When you first start messing with the command line, it can feel like there’s an impermeable wall between the local space you’re messing around in and the greater Internet. On your side, you’ve got your commands and files, and beyond the wall, there are servers, images, APIs, webpages, and more bits of useful, ever-changing data. One of the most popular ways through that wall has been cURL, or “client URL,” which turns 25 this month.
The cURL tool started as a way for programmer Daniel Stenberg to let Internet Chat Relay users quickly fetch currency exchange rates while still inside their chat window. As detailed in an archived history of the project, it was originally built off an existing command-line tool, httpget, built by Rafael Sagula.

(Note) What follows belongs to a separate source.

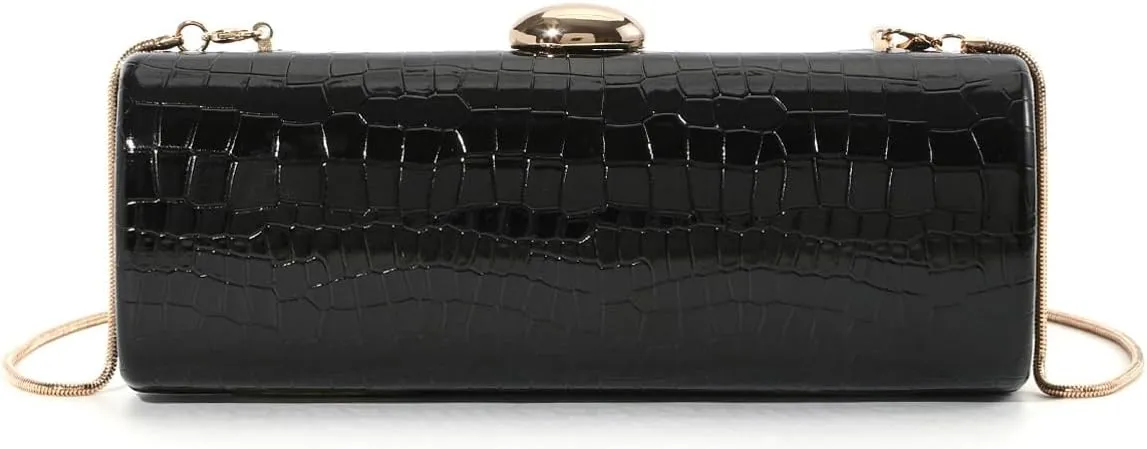 Niction Trendy PU Leather Evening Clutch Purses Women Shoulder Crossbody Handbag Underarm Crocodile Wallet Parties Wedding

A 1.0 version was released in 1997, then changed names to urlget by 2.0, as it had added in GOPHER, FTP, and other protocols. By 1998, the tool could upload as well as download, and so version 4.0 was named cURL.
Over the next few years, cURL grew to encompass nearly every Internet protocol, work with certificates and encryption, offer bindings for more than 50 languages, and be included in most Linux distributions and other systems. The cURL project now encompasses both the command-line command itself and the libcurl library. In 2020, the project’s history estimated the command and library had been installed in more than 10 billion instances worldwide.
How do you celebrate a piece of indispensable Internet architecture turning 25? Stenberg plans to host a “Zoom birthday party” at 17:00 UTC time on March 20. Double-check that time in your area: “It is within this weird period between [when] the US has switched to daylight saving time while Europe has not yet switched,” Stenberg writes on his blog. Stenberg plans to sip on a 25-year Bowmore Islay single-malt Scotch, while presenting the project’s history and future plans while taking questions. (A link to the Zoom call will be added to Stenberg’s blog post closer to March 20.)
Given its nearly universal compatibility and availability, cURL remains a vital tool for grabbing webpage contents, prodding APIs, testing site availability and response time, and much more. It has been moving data around since Tom Holland was born; it certainly deserves a little party.